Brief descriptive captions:
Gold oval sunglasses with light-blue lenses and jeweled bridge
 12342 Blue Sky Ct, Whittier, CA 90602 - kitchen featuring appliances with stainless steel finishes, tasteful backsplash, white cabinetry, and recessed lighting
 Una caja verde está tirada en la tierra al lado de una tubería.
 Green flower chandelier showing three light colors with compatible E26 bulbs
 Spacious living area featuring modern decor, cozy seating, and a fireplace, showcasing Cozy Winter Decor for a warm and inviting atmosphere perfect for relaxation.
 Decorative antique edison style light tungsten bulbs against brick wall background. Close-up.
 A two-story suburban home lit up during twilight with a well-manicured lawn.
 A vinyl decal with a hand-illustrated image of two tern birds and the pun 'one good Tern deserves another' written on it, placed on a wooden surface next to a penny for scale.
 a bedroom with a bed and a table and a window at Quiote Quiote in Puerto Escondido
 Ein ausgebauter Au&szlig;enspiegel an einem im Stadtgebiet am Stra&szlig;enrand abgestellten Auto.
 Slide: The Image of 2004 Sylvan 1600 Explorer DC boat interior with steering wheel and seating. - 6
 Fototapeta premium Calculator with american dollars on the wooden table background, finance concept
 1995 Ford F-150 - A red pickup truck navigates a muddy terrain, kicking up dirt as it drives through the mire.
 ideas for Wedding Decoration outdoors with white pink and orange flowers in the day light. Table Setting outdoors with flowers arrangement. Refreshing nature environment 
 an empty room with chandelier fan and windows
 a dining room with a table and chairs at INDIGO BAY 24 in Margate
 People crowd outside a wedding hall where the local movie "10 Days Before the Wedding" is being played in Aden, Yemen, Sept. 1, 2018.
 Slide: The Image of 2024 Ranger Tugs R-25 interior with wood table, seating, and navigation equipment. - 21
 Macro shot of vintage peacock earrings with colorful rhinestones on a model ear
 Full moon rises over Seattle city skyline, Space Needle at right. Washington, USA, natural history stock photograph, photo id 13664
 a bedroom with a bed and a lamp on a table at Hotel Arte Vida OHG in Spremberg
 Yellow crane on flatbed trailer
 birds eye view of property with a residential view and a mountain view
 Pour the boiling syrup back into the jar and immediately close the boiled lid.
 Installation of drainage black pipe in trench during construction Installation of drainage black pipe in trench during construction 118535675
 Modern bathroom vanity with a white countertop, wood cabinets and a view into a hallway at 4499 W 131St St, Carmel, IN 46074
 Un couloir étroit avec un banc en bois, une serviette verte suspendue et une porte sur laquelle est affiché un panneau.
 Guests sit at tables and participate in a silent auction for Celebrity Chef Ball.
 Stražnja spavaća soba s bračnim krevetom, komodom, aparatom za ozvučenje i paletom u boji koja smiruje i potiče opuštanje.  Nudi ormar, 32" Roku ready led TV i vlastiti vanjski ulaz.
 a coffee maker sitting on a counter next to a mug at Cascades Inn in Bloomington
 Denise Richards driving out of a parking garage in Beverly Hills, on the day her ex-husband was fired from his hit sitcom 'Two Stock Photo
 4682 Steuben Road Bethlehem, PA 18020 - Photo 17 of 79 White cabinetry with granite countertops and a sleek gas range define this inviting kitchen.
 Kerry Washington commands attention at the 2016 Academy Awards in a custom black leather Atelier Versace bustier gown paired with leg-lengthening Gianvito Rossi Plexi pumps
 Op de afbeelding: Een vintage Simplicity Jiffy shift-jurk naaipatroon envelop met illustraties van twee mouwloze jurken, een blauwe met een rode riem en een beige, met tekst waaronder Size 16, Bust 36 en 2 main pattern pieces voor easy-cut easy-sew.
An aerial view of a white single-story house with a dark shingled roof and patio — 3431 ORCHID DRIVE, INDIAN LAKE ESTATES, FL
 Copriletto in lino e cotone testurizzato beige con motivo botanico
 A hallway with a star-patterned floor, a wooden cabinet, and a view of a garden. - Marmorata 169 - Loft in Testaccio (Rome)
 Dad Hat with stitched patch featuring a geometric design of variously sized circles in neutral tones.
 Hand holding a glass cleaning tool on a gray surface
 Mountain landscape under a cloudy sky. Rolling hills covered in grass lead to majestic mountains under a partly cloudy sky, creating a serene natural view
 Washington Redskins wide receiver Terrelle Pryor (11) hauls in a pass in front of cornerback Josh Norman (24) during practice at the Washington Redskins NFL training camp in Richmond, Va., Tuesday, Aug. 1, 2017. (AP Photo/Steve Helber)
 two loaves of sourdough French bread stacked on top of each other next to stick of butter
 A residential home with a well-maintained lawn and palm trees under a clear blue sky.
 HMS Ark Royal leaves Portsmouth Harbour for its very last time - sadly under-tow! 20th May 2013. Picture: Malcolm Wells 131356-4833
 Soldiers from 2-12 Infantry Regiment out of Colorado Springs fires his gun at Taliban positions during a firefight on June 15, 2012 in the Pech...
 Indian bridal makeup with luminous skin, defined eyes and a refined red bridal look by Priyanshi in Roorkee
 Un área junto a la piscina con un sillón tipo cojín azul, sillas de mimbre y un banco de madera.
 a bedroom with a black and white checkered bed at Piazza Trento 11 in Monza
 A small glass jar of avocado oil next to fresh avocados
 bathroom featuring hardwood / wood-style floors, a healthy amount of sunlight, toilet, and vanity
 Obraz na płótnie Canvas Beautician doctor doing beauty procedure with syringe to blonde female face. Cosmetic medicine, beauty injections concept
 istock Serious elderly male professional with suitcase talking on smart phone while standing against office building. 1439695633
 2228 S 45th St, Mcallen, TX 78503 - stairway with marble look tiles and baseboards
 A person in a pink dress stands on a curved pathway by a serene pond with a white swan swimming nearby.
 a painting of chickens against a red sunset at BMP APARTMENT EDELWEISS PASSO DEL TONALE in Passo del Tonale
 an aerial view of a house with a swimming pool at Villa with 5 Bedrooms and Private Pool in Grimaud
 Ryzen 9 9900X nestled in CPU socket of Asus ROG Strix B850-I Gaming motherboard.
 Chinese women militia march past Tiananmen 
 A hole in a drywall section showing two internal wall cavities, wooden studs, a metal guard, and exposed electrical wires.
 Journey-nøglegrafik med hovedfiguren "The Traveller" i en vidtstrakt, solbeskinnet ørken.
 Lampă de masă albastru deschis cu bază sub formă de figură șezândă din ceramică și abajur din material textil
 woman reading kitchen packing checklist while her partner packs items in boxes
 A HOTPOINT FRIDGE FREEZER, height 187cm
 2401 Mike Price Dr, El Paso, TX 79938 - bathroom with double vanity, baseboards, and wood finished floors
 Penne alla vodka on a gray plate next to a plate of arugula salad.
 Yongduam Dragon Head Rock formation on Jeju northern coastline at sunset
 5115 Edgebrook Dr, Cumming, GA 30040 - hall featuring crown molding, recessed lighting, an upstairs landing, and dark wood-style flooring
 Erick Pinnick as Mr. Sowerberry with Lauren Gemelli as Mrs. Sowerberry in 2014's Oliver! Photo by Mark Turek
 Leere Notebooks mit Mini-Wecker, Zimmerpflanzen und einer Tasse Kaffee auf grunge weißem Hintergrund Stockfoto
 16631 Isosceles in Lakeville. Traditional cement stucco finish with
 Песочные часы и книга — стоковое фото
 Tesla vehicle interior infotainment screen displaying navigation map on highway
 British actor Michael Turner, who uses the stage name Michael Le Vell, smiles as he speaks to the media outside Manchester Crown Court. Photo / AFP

### TASK GOAL
Reproduce, word for word and in full, only the lines above that start at the line with "Dad Hat with" and run through the line with "HMS Ark Royal", both ends included.

### ANSWER TO THIS TASK
 Dad Hat with stitched patch featuring a geometric design of variously sized circles in neutral tones.
 Hand holding a glass cleaning tool on a gray surface
 Mountain landscape under a cloudy sky. Rolling hills covered in grass lead to majestic mountains under a partly cloudy sky, creating a serene natural view
 Washington Redskins wide receiver Terrelle Pryor (11) hauls in a pass in front of cornerback Josh Norman (24) during practice at the Washington Redskins NFL training camp in Richmond, Va., Tuesday, Aug. 1, 2017. (AP Photo/Steve Helber)
 two loaves of sourdough French bread stacked on top of each other next to stick of butter
 A residential home with a well-maintained lawn and palm trees under a clear blue sky.
 HMS Ark Royal leaves Portsmouth Harbour for its very last time - sadly under-tow! 20th May 2013. Picture: Malcolm Wells 131356-4833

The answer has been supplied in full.